Unwanted and potentially unhealthy noise permeates everything we do -- our homes, offices, leisure time, even our sleep, says the National Academy of Engineering.

The worst noisemakers are machines -- all forms of transportation, including planes, trains, cars and trucks; lawnmowers, snow blowers, leaf blowers and other loud household products; and manufacturing machines.

But metrics to measure noise were developed in the 1970s, when there were fewer machines and they were less dangerous to health.

The Academy says that limits on noise in the workplace, which are set by the U.S. Department of Labor, should be reviewed and changed, and that "buy quiet" programs, which would create a market for quieter products, should be encouraged.
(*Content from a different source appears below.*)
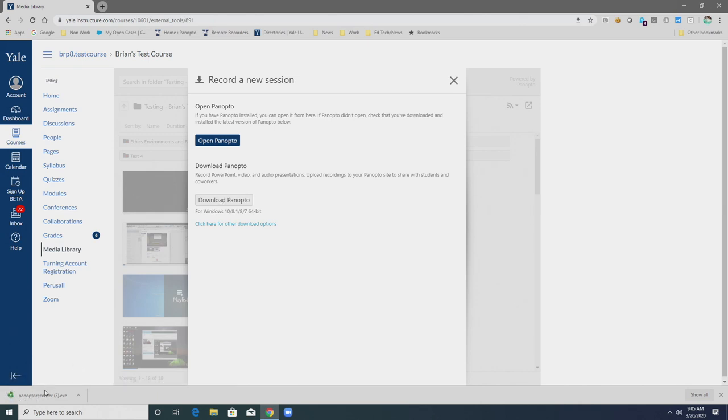Once the installer has downloaded, we can select it to begin the installation process.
Some trade-offs are unavoidable. Which is better at lowering highway noise, the Academy asks -- redesigned road surfaces or noise barriers?
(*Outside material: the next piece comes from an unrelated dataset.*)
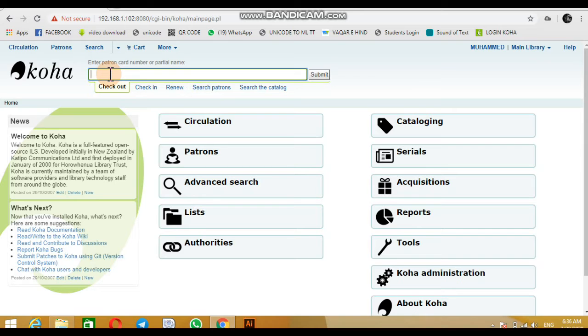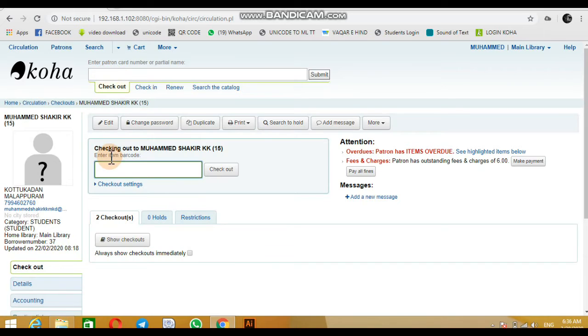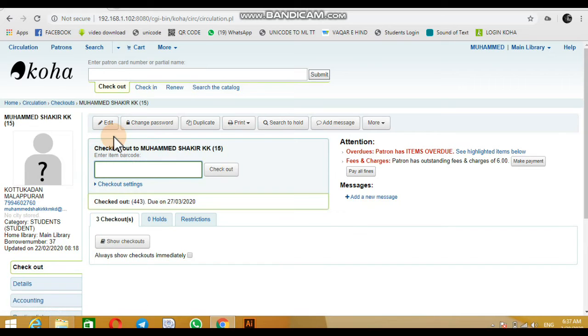Click on checkout. Enter the card number of the borrower or patron. Now the book is issued to the patron.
The European Union is ahead of the U.S. on noise reduction -- it has set stricter regulations on noise emissions and has quieter products. Those products in turn give European companies an edge in the world market as quiet is valued more.

European companies are also more straightforward than U.S. companies about disclosing product noise to their customers. American manufacturers are ingenious, the Academy says, but they can't agree on uniform standards for measuring and labeling noise. The chief U.S. government agency in charge of these issues -- the Environmental Protection Agency -- is underfunded.